When the Cubs began to become respectable in the late 1960s after 20 years of second-division finishes, columnist Mike Royko decried the rise of bandwagon-jumping fans. "Are they really Cubs fans?" Royko wrote in a 1968 Chicago Daily News column. "Were they around, were they loyal, when everything the Cubs did was disgusting? Were they out there cheering when the only thing to cheer about was when the ball came off the screen and hit the batboy in the head?"
Nearly four decades later, with the Cubs on pace for a 98-loss season, fans who leaped on the bandwagon in 2003 are jumping off. The remaining loyalists are left to compare the current edition with some of the most memorable losing teams of the team's glory-challenged past.
It may be small consolation for Dusty Baker, but he's in good company, joining Leo Durocher as managers of two of the least-successful teams in history. The only teams with a lower winning percentage than the 2006 Cubs are the 1962 team, which went 59-103 under the College of Coaches; Durocher's '66 team that also finished 59-103; the 1901 team that went 53-86; and the 1960 team, managed by Charlie Grimm and then Lou Boudreau, which went 60-94.
Here are our choices for the four worst teams in modern Cubs history:
Perhaps the closest analogy to the '06 team is the '80 edition that went 64-98 under manager Preston Gomez, who was fired after 90 games, and his replacement, Joey Amalfitano. Despite closer Bruce Sutter's league-leading 28 saves and Bill Buckner's league-leading .324 batting average, the '80 Cubs were a train wreck from the outset. They hit .251 with only 107 home runs and a .365 slugging percentage, paving the way for the exit of once-revered slugger Dave Kingman.
With Derrek Lee out for two months this year, Baker has perhaps the most feeble-hitting Cubs team since '80, with a .260 average, 60 home runs and a .395 slugging percentage.
The '60 team was run by Grimm, who said upon getting the job for the third time: "Managers are expendable. I believe there should be relief managers, like relief pitchers." Grimm was relieved of his job after a 6-11 start, trading places with Boudreau in the WGN-AM booth.
Ron Santo's debut at third base at the age of 20, Ernie Banks beating Hank Aaron for the NL home run title 41-40 and Don Cardwell's no-hitter were the bright spots in an otherwise dull season.

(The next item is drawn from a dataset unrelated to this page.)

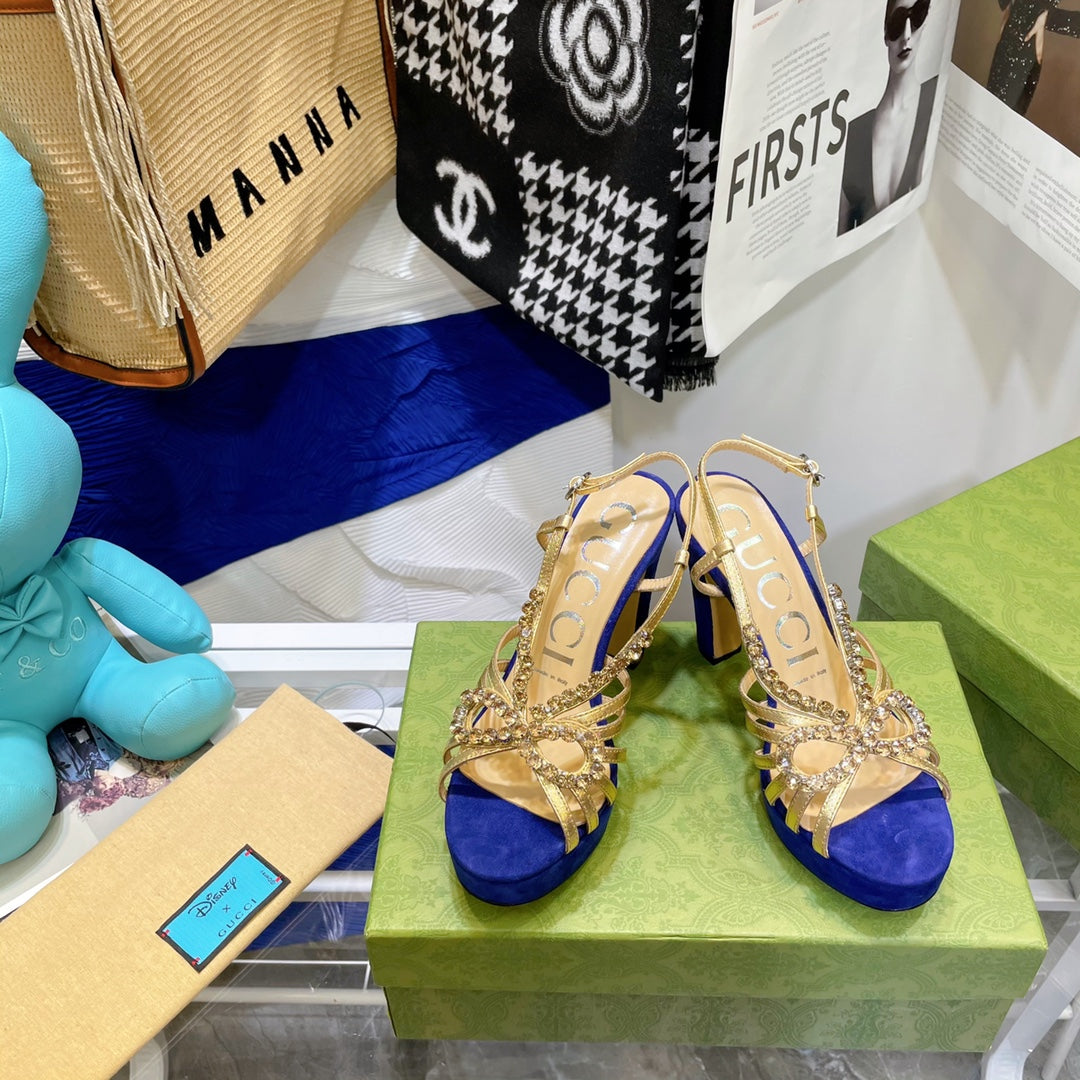 GG Crystal High Heel Sandal Azure Lambskin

Banks shifted from shortstop to first base to save his knees, Ken Hubbs was named Rookie of the Year, Billy Williams and Santo combined for 39 home runs and 174 RBIs as a youth movement was in motion. But they managed to beat out only the expansion Mets in the second year of the College of Coaches, an ill-fated experiment akin to the new Coke.
Dick Ellsworth went 9-20 with a 5.09 ERA before improving to 22-10 with a 2.11 ERA in '63. Promising rookie Lou Brock hit .263 but eventually wound up as a symbol of Cubs futility when he became a Hall of Fame outfielder after being traded to St. Louis in '64.
In Durocher's first year, he told the media, "This is definitely not an eighth-place ballclub." The Cubs finished 10th, behind the Mets, despite a lineup that included Banks, Williams, Santo, Don Kessinger, Glenn Beckert and Randy Hundley, and young pitchers Ken Holtzman, Bill Hands and newly acquired right-hander Fergie Jenkins.
Under Durocher, this core eventually evolved into the '69 Cubs, an iconic team in Chicago sports history.